6 Workflow management
- Define what a workflow management system is.
- List the benefits of using a workflow management system.
- Explain the benefits of using Nextflow as part of your bioinformatics workflow.
6.1 Workflows
Analysing data involves a sequence of tasks, including gathering, cleaning, and processing data. These sequence of tasks are called a workflow or a pipeline. These workflows typically require executing multiple software packages, sometimes running on different computing environments, such as a desktop or a compute cluster. Traditionally these workflows have been joined together in scripts using general purpose programming languages such as Bash or Python.
However, as workflows become larger and more complex, the management of the programming logic and software becomes difficult.
6.2 Workflow management systems
Workflow Management Systems (WfMS), such as Snakemake, Galaxy, and Nextflow have been developed specifically to manage computational data-analysis workflows in fields such as Bioinformatics, Imaging, Physics, and Chemistry.
WfMS contain multiple features that simplify the development, monitoring, execution and sharing of pipelines.
Key features include;
- Run time management: Management of program execution on the operating system and splitting tasks and data to run at the same time in a process called parallelisation.
- Software management: Use of technology like containers, such as Docker or Singularity, that packages up code and all its dependencies so the application runs reliably from one computing environment to another.
- Portability & Interoperability: Workflows written on one system can be run on another computing infrastructure e.g., local computer, compute cluster, or cloud infrastructure.
- Reproducibility: The use of software management systems and a pipeline specification means that the workflow will produce the same results when re-run, including on different computing platforms.
- Reentrancy: Continuous checkpoints allow workflows to resume from the last successfully executed steps.
6.3 Nextflow basic concepts
Nextflow is a workflow management system that combines a runtime environment, software that is designed to run other software, and a programming domain specific language (DSL) that eases the writing of computational pipelines.
Nextflow is built around the idea that Linux is the lingua franca of data science. Nextflow follows Linux’s “small pieces loosely joined” philosophy: in which many simple but powerful command-line and scripting tools, when chained together, facilitate more complex data manipulations.
Nextflow extends this approach, adding the ability to define complex program interactions and an accessible (high-level) parallel computational environment based on the dataflow programming model, whereby processes
are connected via their outputs
and inputs
to other processes
, and run as soon as they receive an input. The diagram below illustrates the differences between a dataflow model and a simple linear program .
In a simple program (a), these statements would be executed sequentially. Thus, the program would execute in three units of time. In the dataflow programming model (b), this program takes only two units of time. This is because the read quantitation and QC steps have no dependencies on each other and therefore can execute simultaneously in parallel.
6.3.1 Nextflow core features
Fast prototyping: A simple syntax for writing pipelines that enables you to reuse existing scripts and tools for fast prototyping.
Reproducibility: Nextflow supports several container technologies, such as Docker and Singularity, as well as the package manager Conda.

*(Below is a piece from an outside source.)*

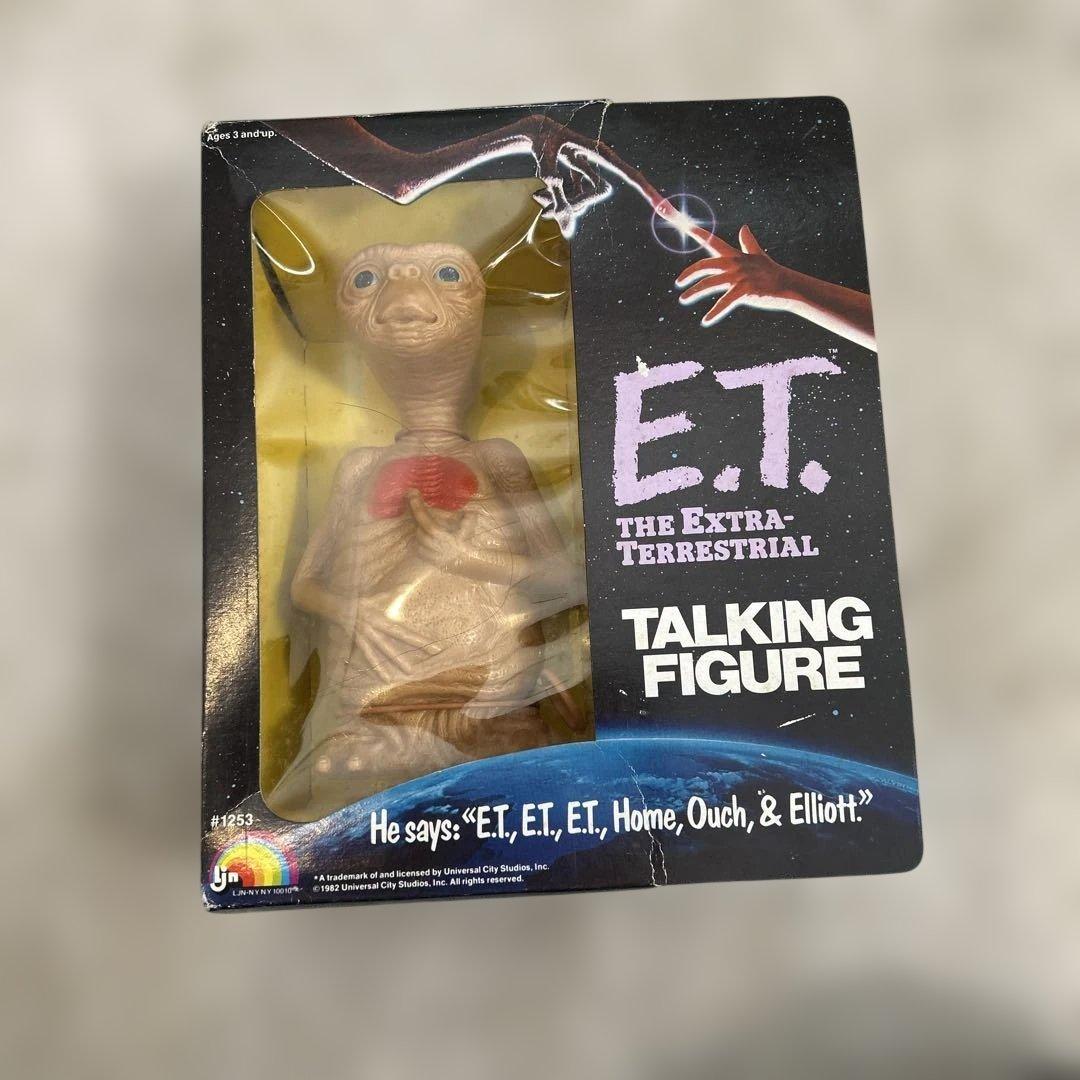 昭和レトロ　ET ソフビ　トーキングフィギュア　希少品　3点セット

This, along with the integration of the GitHub code sharing platform, allows you to write self-contained pipelines, manage versions and to reproduce any former configuration.

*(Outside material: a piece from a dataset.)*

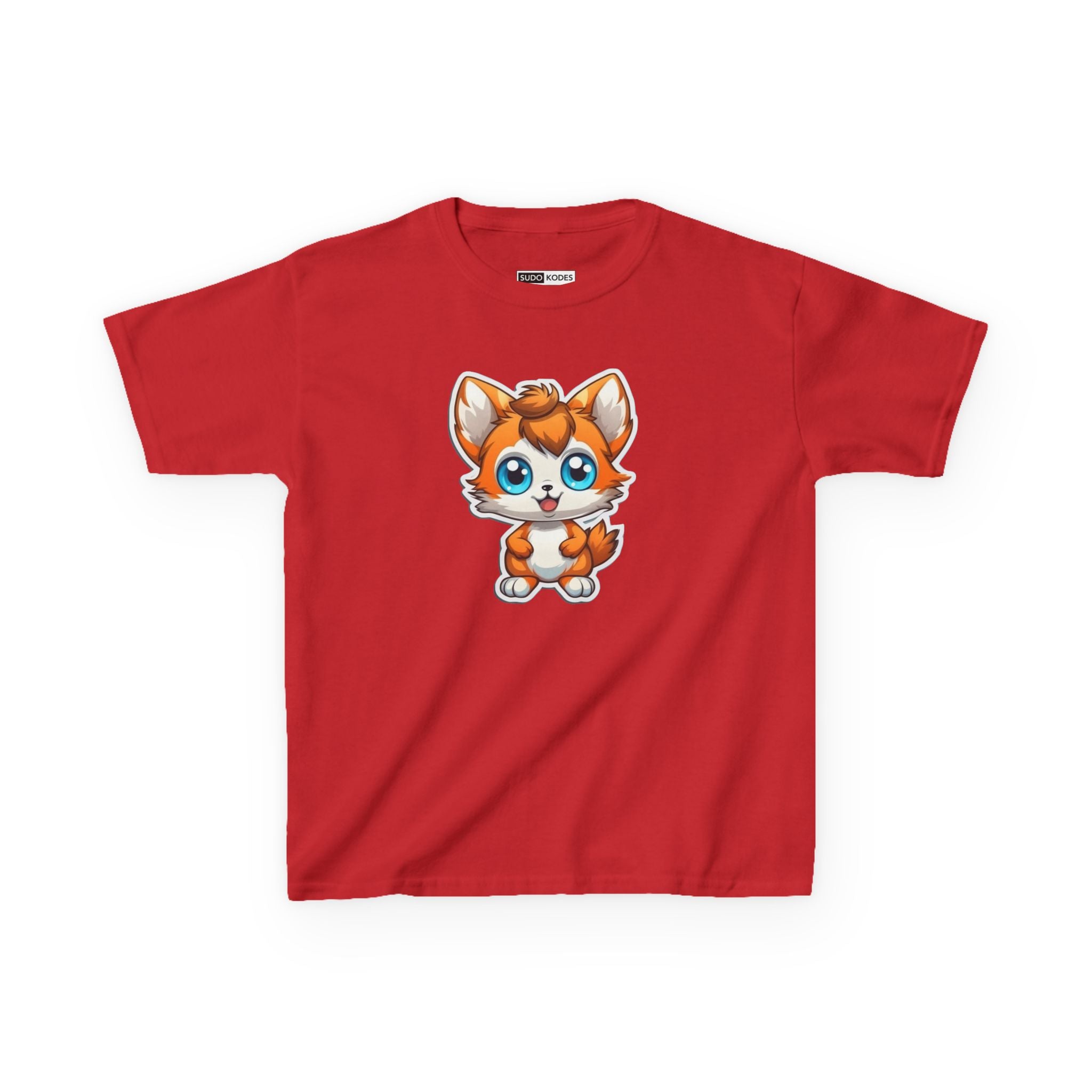 Kids Heavy Cotton Tee - Adorable Mascots 01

Portability: Nextflow’s syntax separates the functional logic (the steps of the workflow) from the execution settings (how the workflow is executed). This allows the pipeline to be run on multiple platforms, e.g. local compute vs. a university compute cluster or a cloud service like AWS, without changing the steps of the workflow.
Simple parallelism: Nextflow is based on the dataflow programming model which greatly simplifies the splitting of tasks that can be run at the same time (parallelisation).

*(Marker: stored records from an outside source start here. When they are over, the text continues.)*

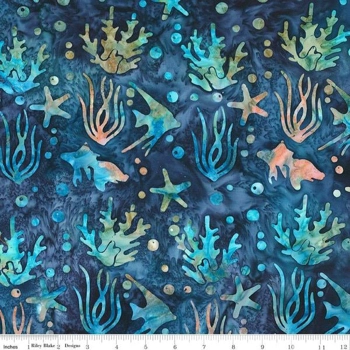Riley Blake Batiks - Toes in the Sand - Dark Skies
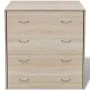 Sideboard with 4 oak-colored drawers 60x30.5x71 cm by vidaXL, Sideboards - Ref: Foro24-242544, Price: 77,32 €, Discount: %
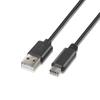 Aisens USB 2.0 type-C Cable Aisens A107-0051/ Usb Type-c Male - Usb Male/ Up To 9w/ 625mbps/ 1m/ Black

Continuous checkpoints: All the intermediate results produced during the pipeline execution are automatically tracked. This allows you to resume its execution from the last successfully executed step, no matter what the reason was for it stopping.
6.3.2 Scripting language
Nextflow scripts are written using a language intended to simplify the writing of workflows. Languages written for a specific field are called Domain Specific Languages (DSL), e.g., SQL is used to work with databases, and AWK is designed for text processing.
In practical terms the Nextflow scripting language is an extension of the Groovy programming language, which in turn is a super-set of the Java programming language. Groovy simplifies the writing of code and is more approachable than Java. Groovy semantics (syntax, control structures, etc) are documented here.
The approach of having a simple DSL built on top of a more powerful general purpose programming language makes Nextflow very flexible. The Nextflow syntax can handle most workflow use cases with ease, and then Groovy can be used to handle corner cases which may be difficult to implement using the DSL.
6.3.3 DSL2 syntax
Nextflow (version > 20.07.1) provides a revised syntax to the original DSL, known as DSL2. The DSL2 syntax introduces several improvements such as modularity (separating components to provide flexibility and enable reuse), and improved data flow manipulation. This further simplifies the writing of complex data analysis pipelines, and enhances workflow readability, and reusability.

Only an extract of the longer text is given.